A longtime industry watcher, Handel Jones, who heads the consultancy International Business Strategies, sees total chip revenues rising steadily to $1.2 trillion by 2030 from roughly $500 billion this year.
That growth could arrive just as the industry fundamentally changes. More companies are concluding that software running on standard Intel-style microprocessors is not the best solution for all problems. For that reason, companies like Cisco Systems and Hewlett Packard Enterprise have long designed specialty chips for products such as networking gear.
Giants like Apple, Amazon and Google more recently have gotten into the act. Google’s YouTube unit recently disclosed its first internally developed chip to speed video encoding. And Volkswagen even said last week that it would develop its own processor to manage autonomous driving.
Chip design teams are no longer working just for traditional chip companies, said Pierre Lamond, a 90-year-old venture capitalist who joined the chip industry in 1957. “They are breaking new ground in many respects,” he said.
Little of that activity would be possible, Mr. Keller and others said, without advances in design software by Synopsys and its biggest rival, Cadence Design Systems.
Chip design software gained popularity in the 1980s to streamline tasks that engineers once carried out with pencils and drafting tables, painstakingly drawing clusters of transistors and other components on chips. The software tools have continually evolved; some carmakers, for example, use Synopsys-powered simulations of how future chips will work to write software for them in advance, Mr. de Geus said.
Synopsys, which he co-founded in 1986, has grown steadily, partly by acquisitions, to a valuation of $36 billion.
Mr. de Geus said new growth was coming from what seemed like a problem: a slowdown in Moore’s Law, industry shorthand for the perennial race to shrink chip circuitry so chips do more with less silicon. In response, he said, some companies are using Synopsys tools to design entire systems and bundles of smaller chips that work like a single processor.
During his recent speech to users, Mr. de Geus demonstrated how artificial-intelligence enhancements could allow Synopsys tools to automatically decide how best to situate and connect blocks of circuitry on a chip. A system managed by a single engineer did the work two to five times faster than a team of designers, Mr. de Geus said, while its design used up to 13 percent less energy.
“The ability to use A.I. to design A.I. chips, that is the ultimate cool,” he said. “There you meet science fiction.”
Such software is one of the biggest expenses facing start-ups, chip executives said. That was one reason Rick Lazansky, an industry veteran, in 2014 formed Silicon Catalyst, a so-called incubator that aids start-ups with donated design software and other services in exchange for equity stakes.
The firm estimates it has evaluated more than 400 such ventures and selected 38 to help. One is Sonical, which is developing chips to power a kind of computer for the ear, using artificial intelligence to blend sounds around a user with those delivered from devices like smartphones, said Gary Spittle, its chief executive.

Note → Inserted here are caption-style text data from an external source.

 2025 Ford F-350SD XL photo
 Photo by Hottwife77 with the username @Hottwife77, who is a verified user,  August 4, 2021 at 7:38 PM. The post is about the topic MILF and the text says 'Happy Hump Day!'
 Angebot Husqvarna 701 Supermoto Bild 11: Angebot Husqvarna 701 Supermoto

Despite some successes among start-ups, Mr. Spittle said, he still has difficulty courting venture capitalists who continue to prefer businesses like software. So does Aron Kirschen, chief executive of Semron, a German start-up that is working on an augmented-reality chip that could fit on a contact lens.

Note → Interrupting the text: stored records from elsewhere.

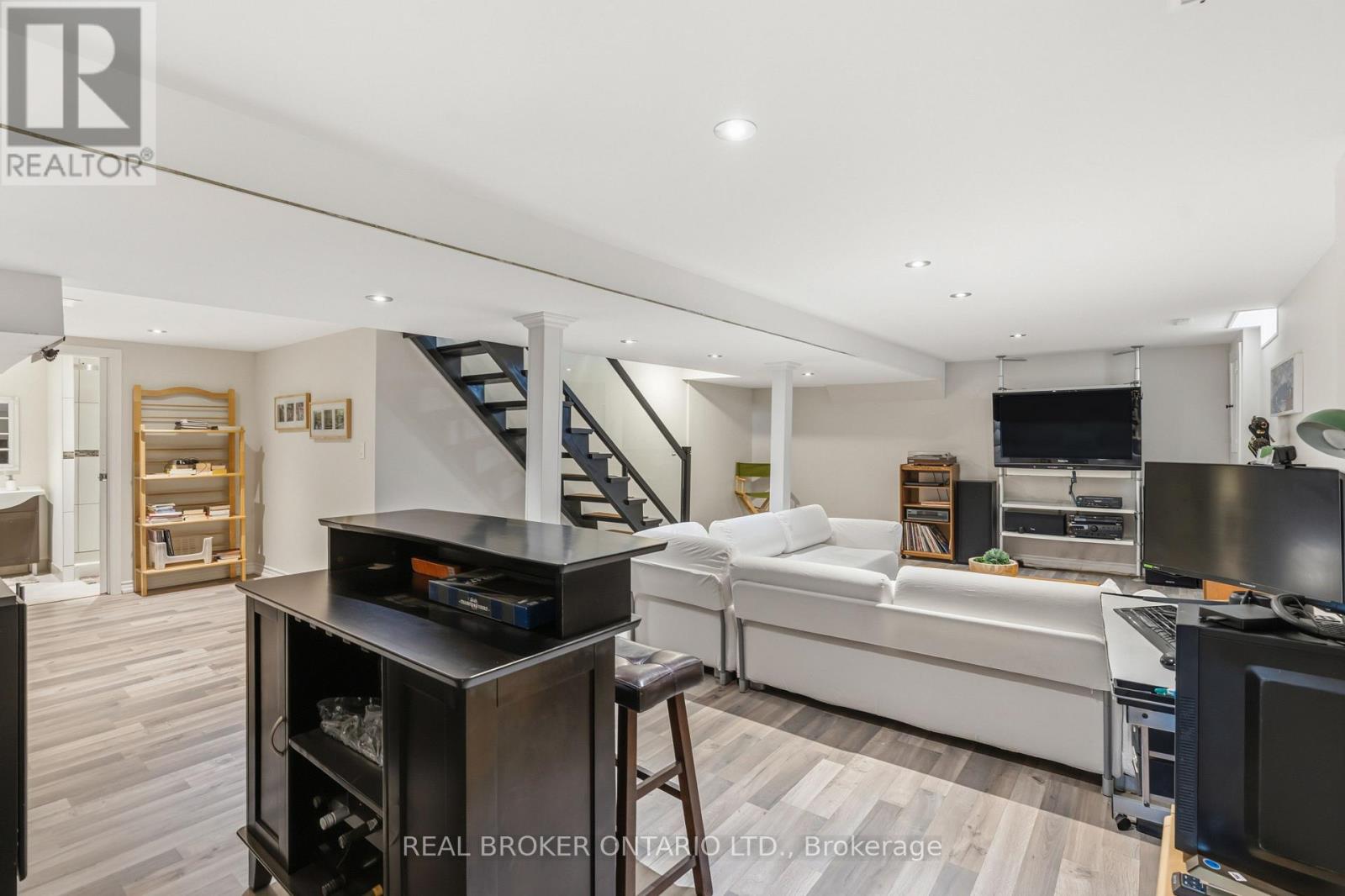 18 Cotswold Court, Halton Hills, Ontario L7G 5E5 - Photo 33 - W12984736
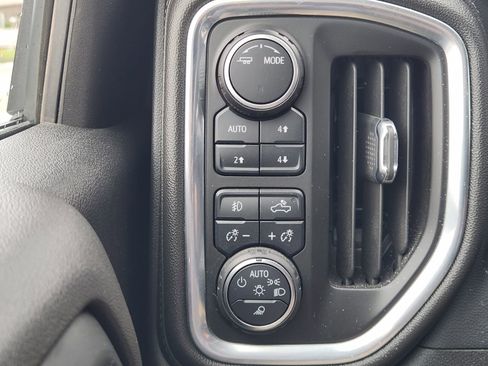 Used 2022 Chevrolet Silverado 2500 High Country w/ Z71 Off-Road Package image 16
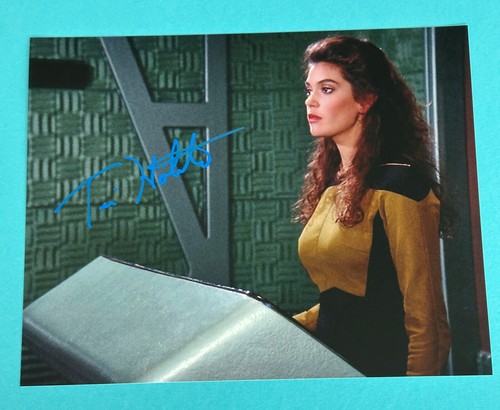 Teri hatcher star trek - ,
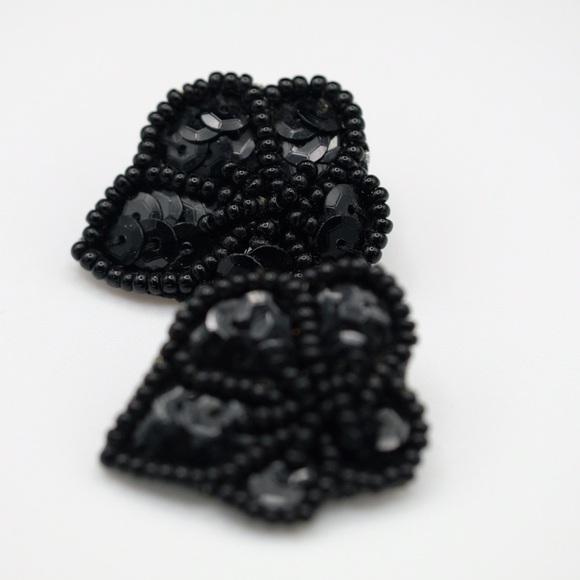 Gorgeous handmade beaded earrings with leather backing - Picture 2 of 6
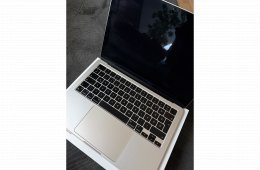 Apple Macbook Air 13 M2 csillagfény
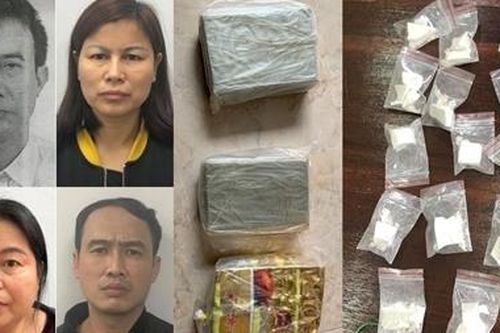 Bắt 2 đối tượng mang 4 bánh heroin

He got help from Berkeley Skydeck, a business accelerator affiliated with the University of California that aids 130 start-ups every six months. So far it has chosen only seven related to semiconductors, but hopes to pick up the pace as more investors warm to the field.
“Venture investors who typically would not have touched chips with a 10-foot pole now have maybe a five-foot pole,” said Caroline Winnett, Skydeck’s executive director.